- [Task prompt]: Each record should be given again exactly as it appears, with no image included.

___ Materials provided ___

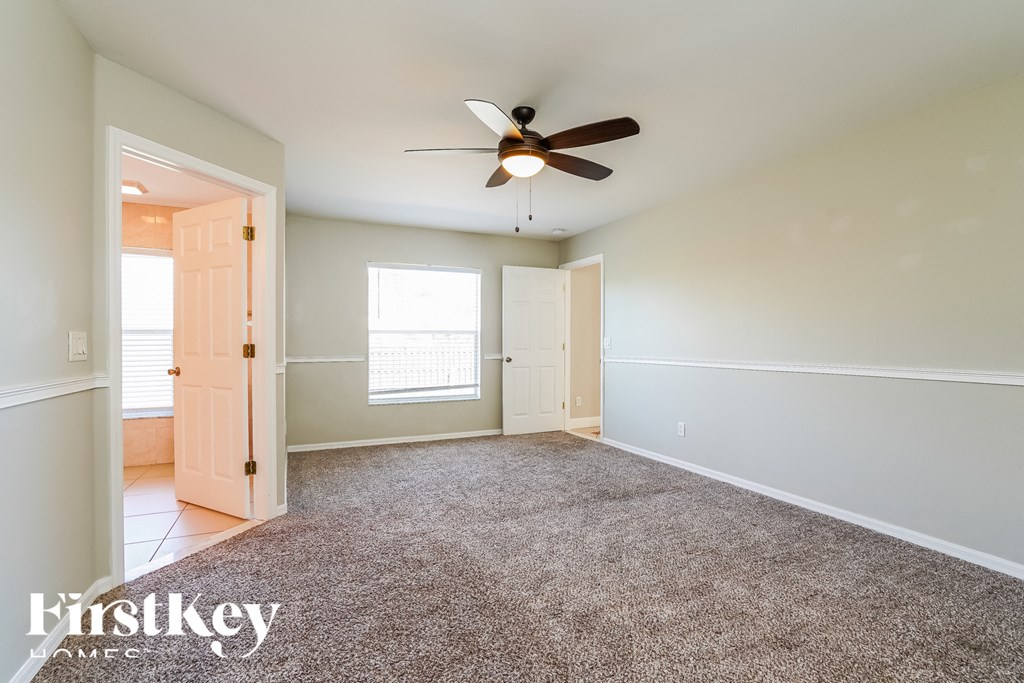 an empty living room with a ceiling fan and a carpet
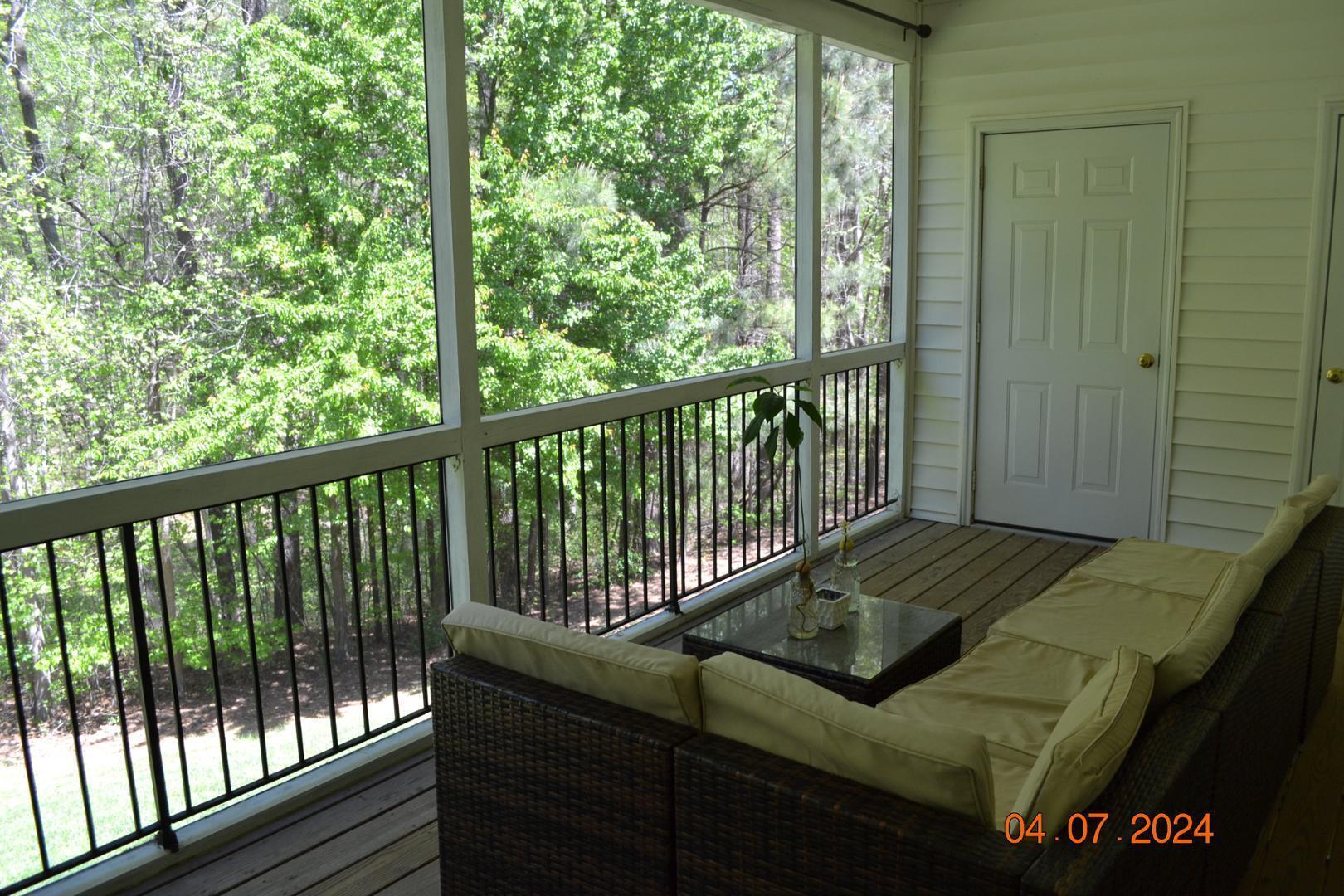 4506 Mistiflower Drive Raleigh, NC 27606 - Photo 11 of 27 a view of a two chairs in the balcony
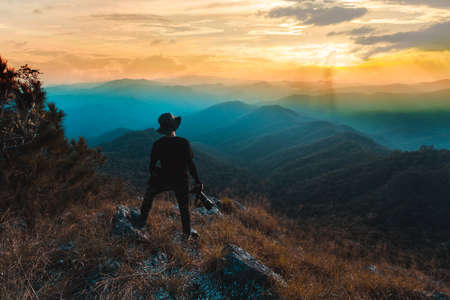 Silhouette of man hold up hands on the peak of mountain,success conceptの写真素材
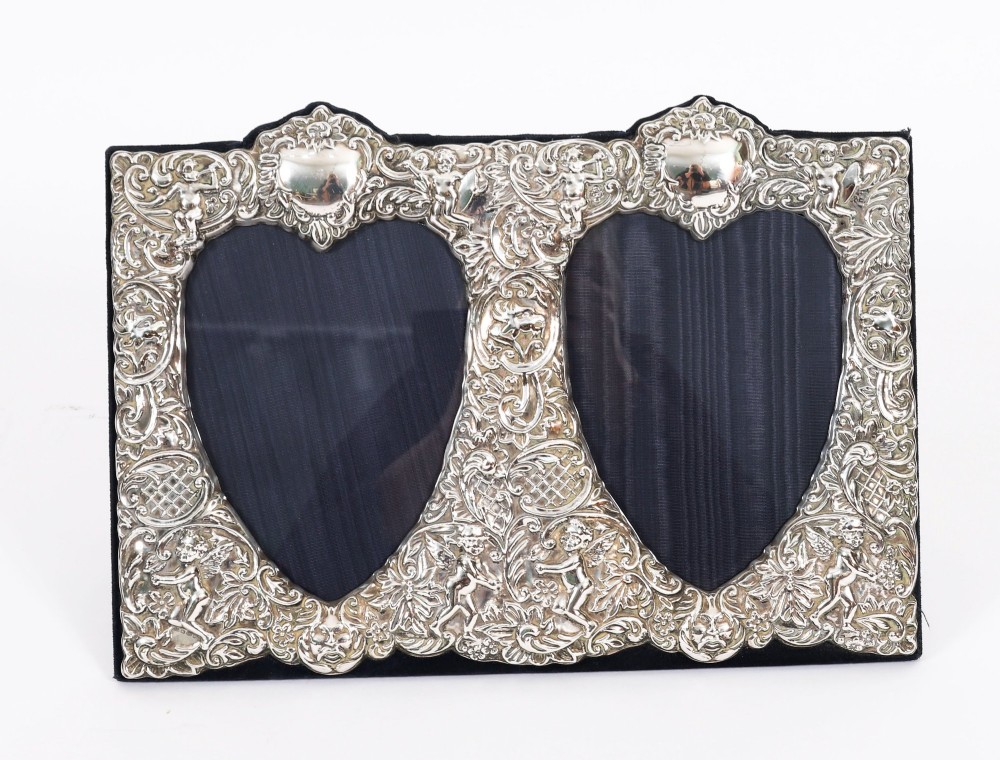 An antique sterling silver double aperture photo frame featuring heart-shaped openings, intricate repousse floral scrollwork, and cherub details mounted on dark velvet.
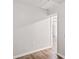 Hallway with wood-look flooring, and a door leading to another room at 801 Chess Pl, Seffner, FL 33584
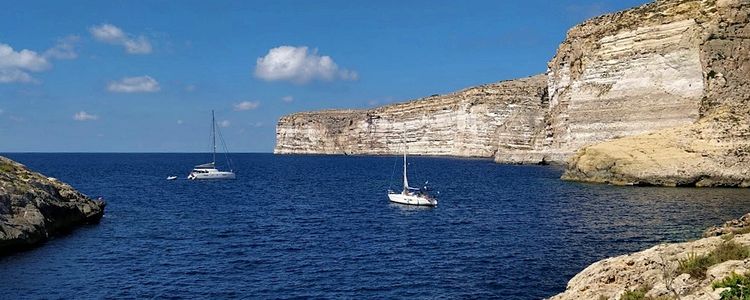 Yacht mooring at buoys in Xlendi Bay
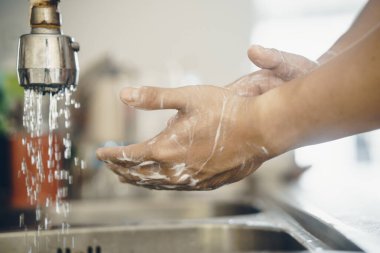 Koronavirüsün yayılmasını önlemek için her zaman temiz ellerle başlayın (Covid-19). Asyalı bir adamın evde ellerini yıkarken çekilmiş görüntüsü.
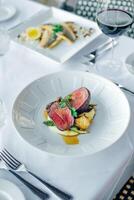 Closeup of a steak with vegetables in a restaurant setting photo
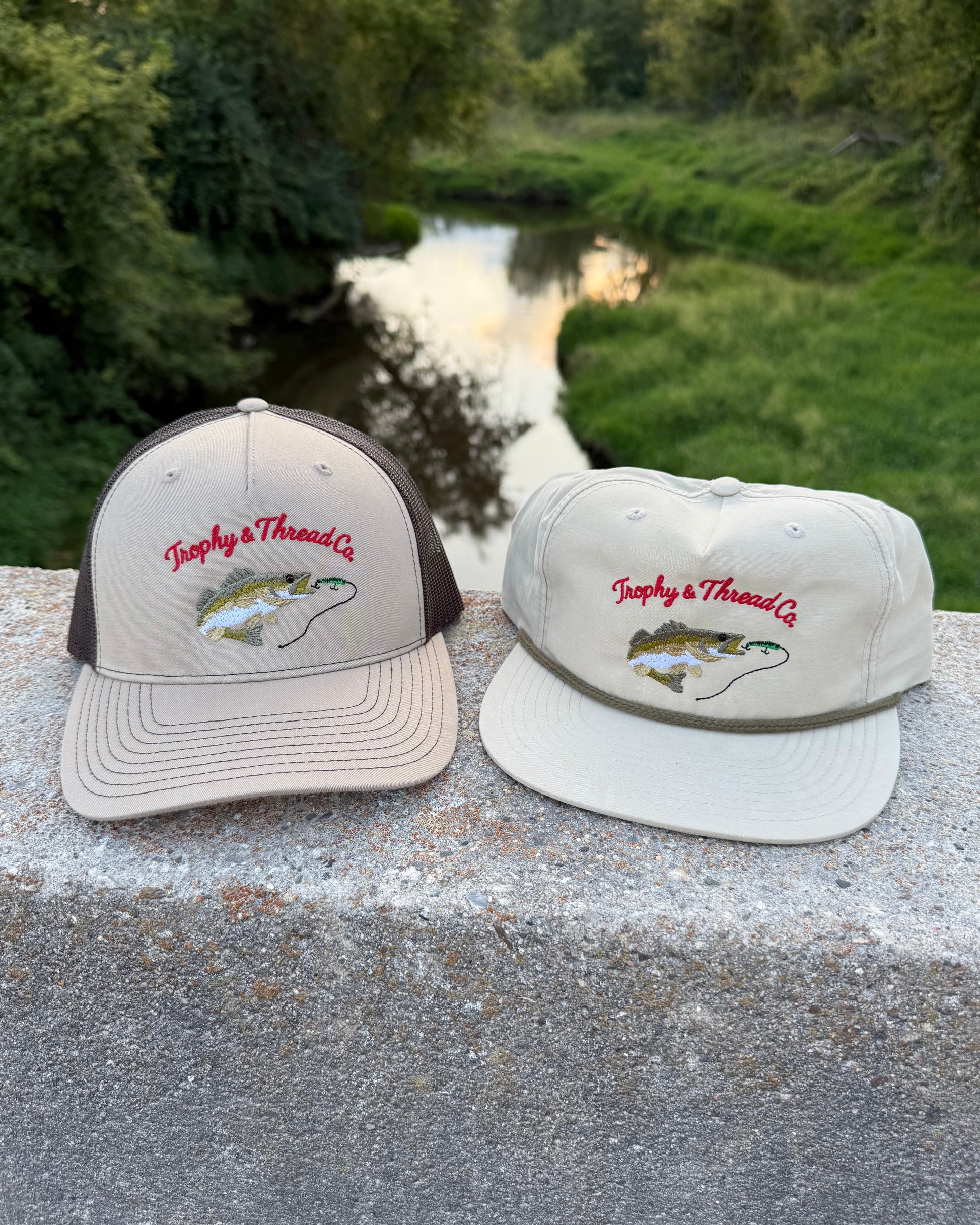 Hats with Trophy and Thread Co Walleye design on a stone ledge by a river. Walleye Hat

___

- [Answer below]:
 an empty living room with a ceiling fan and a carpet
 4506 Mistiflower Drive Raleigh, NC 27606 - Photo 11 of 27 a view of a two chairs in the balcony
 Silhouette of man hold up hands on the peak of mountain,success conceptの写真素材
 An antique sterling silver double aperture photo frame featuring heart-shaped openings, intricate repousse floral scrollwork, and cherub details mounted on dark velvet.
 Hallway with wood-look flooring, and a door leading to another room at 801 Chess Pl, Seffner, FL 33584
 Yacht mooring at buoys in Xlendi Bay
 Koronavirüsün yayılmasını önlemek için her zaman temiz ellerle başlayın (Covid-19). Asyalı bir adamın evde ellerini yıkarken çekilmiş görüntüsü.
 Closeup of a steak with vegetables in a restaurant setting photo
 Hats with Trophy and Thread Co Walleye design on a stone ledge by a river. Walleye Hat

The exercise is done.